Input records section start

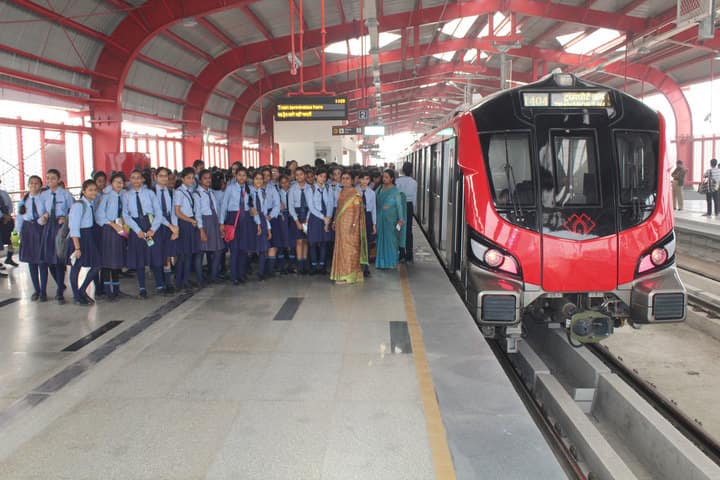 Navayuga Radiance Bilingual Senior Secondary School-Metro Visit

Input records section end
Input records section start

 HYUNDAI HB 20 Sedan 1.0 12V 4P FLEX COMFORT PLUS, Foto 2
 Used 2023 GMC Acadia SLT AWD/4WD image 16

Input records section end

Instructions to follow |
Out of the entries above, write out only the lines between the line holding "HYUNDAI HB 20" and the line holding "Used 2023 GMC Acadia SLT AWD/4WD image 16", inclusive, each exactly as given.

Response box |
 HYUNDAI HB 20 Sedan 1.0 12V 4P FLEX COMFORT PLUS, Foto 2
 Used 2023 GMC Acadia SLT AWD/4WD image 16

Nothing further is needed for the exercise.